(Beginning of Supplied records)
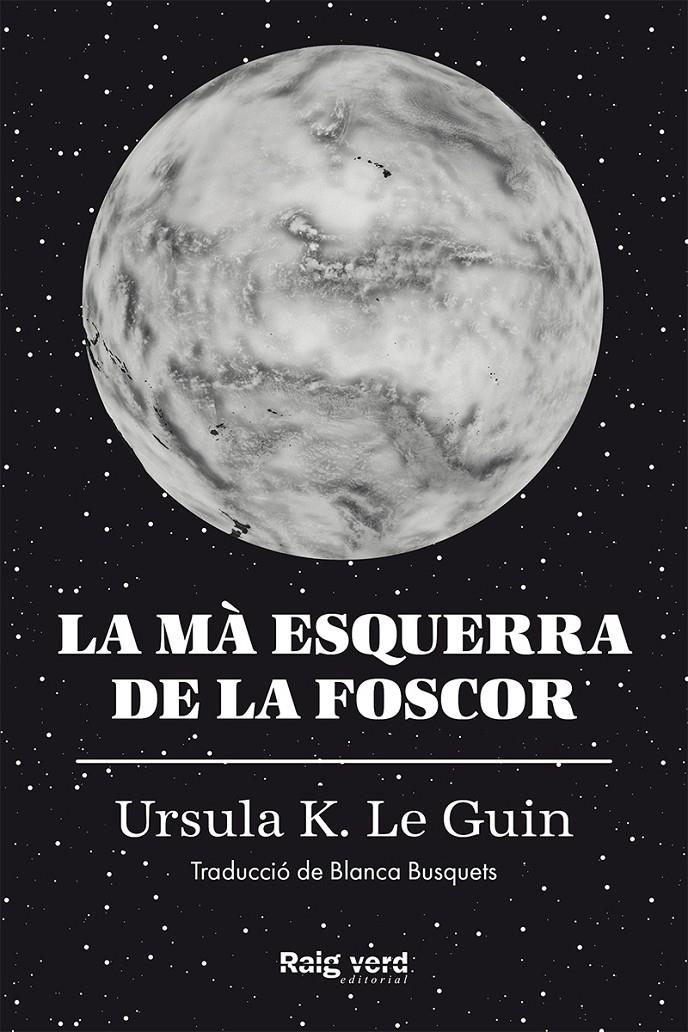 LA MÀ ESQUERRA DE LA FOSCOR | 9788417925048 | LE GUIN, URSULA K.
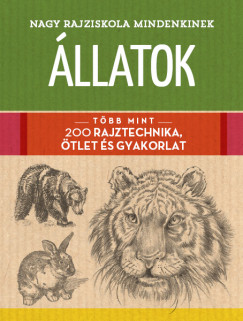 Walter Foster - Nagy rajziskola mindenkinek - llatok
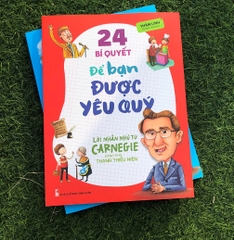 Lời nhắn nhủ từ Carnegie dành cho thanh thiếu niên - 24 bí quyết để bạn được yêu quý B80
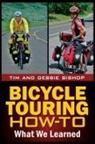Debbie Bishop, Tim Bishop - Bicycle Touring How-To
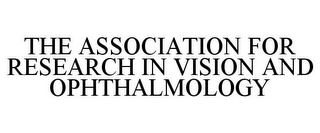 THE ASSOCIATION FOR RESEARCH IN VISION AND OPHTHALMOLOGY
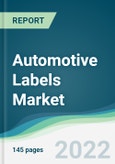 Automotive Labels Market - Forecasts from 2022 to 2027- Product Image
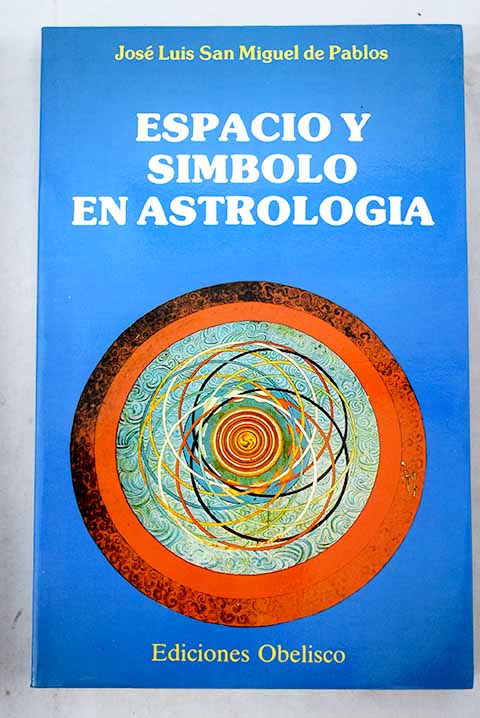 Espacio y smbolo en astrologa / Jos Luis San Miguel de Pablos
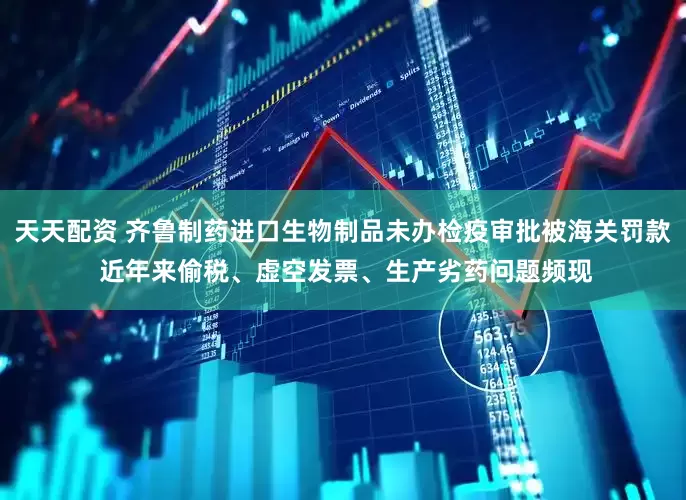 天天配资 齐鲁制药进口生物制品未办检疫审批被海关罚款 近年来偷税、虚空发票、生产劣药问题频现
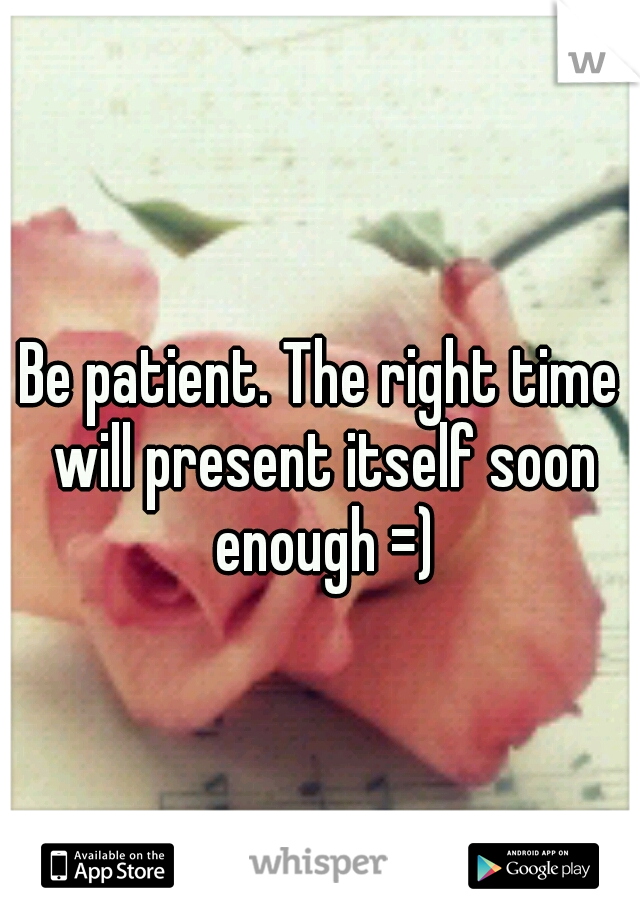 Be patient. The right time will present itself soon enough =)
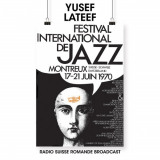 Yusef Lateef - Festival International De Jazz (Live, Montreux 1970) '2021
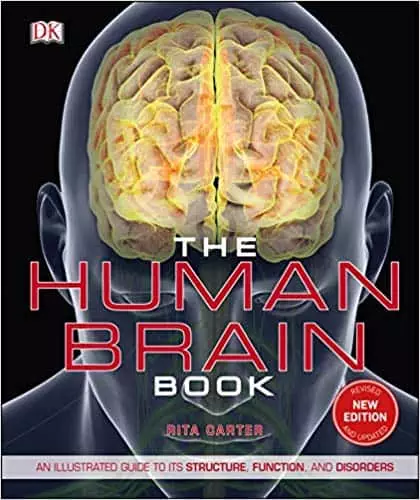 The Human Brain Book: An Illustrated Guide to its Structure, Function, and Disorders - eBook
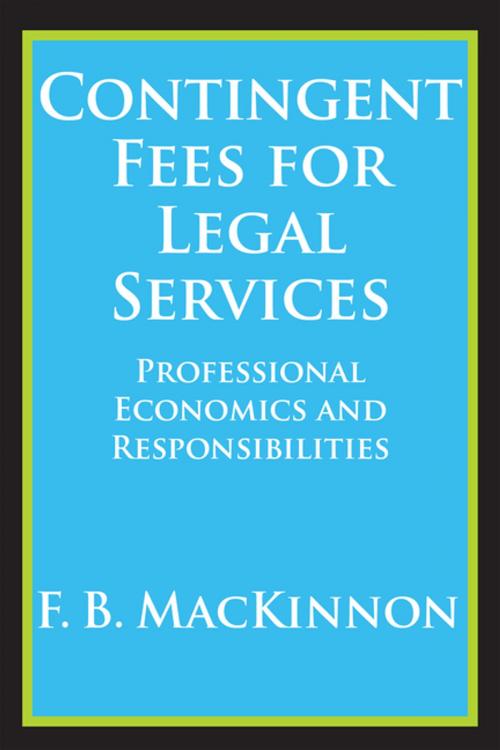 Cover of the book Contingent Fees for Legal Services by F.B. MacKinnon, Taylor and Francis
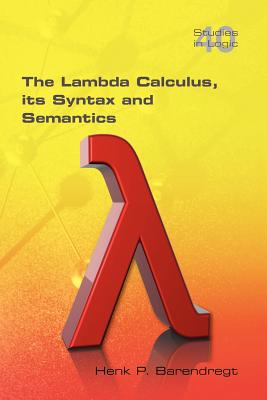 The Lambda Calculus. Its Syntax and Semantics - Henk Barendregt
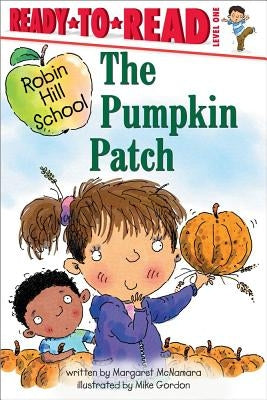 The Pumpkin Patch: Ready-To-Read Level 1 by McNamara, Margaret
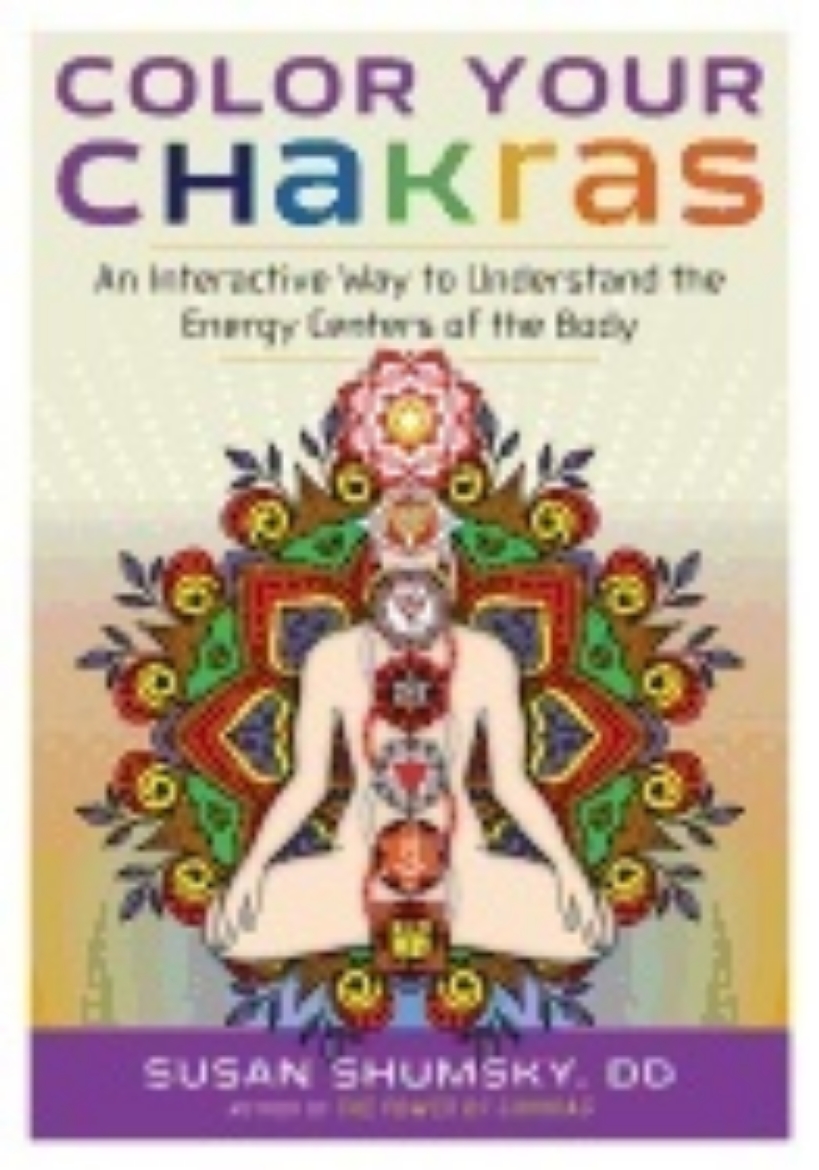 Picture of Color your chakras - an interactive way to understand the energy centers of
(End of Supplied records)
* Exercise instructions *
Leaving the pictures out, transcribe the entries above exactly as written.

* Task solution *
 LA MÀ ESQUERRA DE LA FOSCOR | 9788417925048 | LE GUIN, URSULA K.
 Walter Foster - Nagy rajziskola mindenkinek - llatok
 Lời nhắn nhủ từ Carnegie dành cho thanh thiếu niên - 24 bí quyết để bạn được yêu quý B80
Debbie Bishop, Tim Bishop - Bicycle Touring How-To
 THE ASSOCIATION FOR RESEARCH IN VISION AND OPHTHALMOLOGY
 Automotive Labels Market - Forecasts from 2022 to 2027- Product Image
 Espacio y smbolo en astrologa / Jos Luis San Miguel de Pablos
 天天配资 齐鲁制药进口生物制品未办检疫审批被海关罚款 近年来偷税、虚空发票、生产劣药问题频现
 Be patient. The right time will present itself soon enough =)
 Yusef Lateef - Festival International De Jazz (Live, Montreux 1970) '2021
 The Human Brain Book: An Illustrated Guide to its Structure, Function, and Disorders - eBook
 Cover of the book Contingent Fees for Legal Services by F.B. MacKinnon, Taylor and Francis
 The Lambda Calculus. Its Syntax and Semantics - Henk Barendregt
 The Pumpkin Patch: Ready-To-Read Level 1 by McNamara, Margaret
 Picture of Color your chakras - an interactive way to understand the energy centers of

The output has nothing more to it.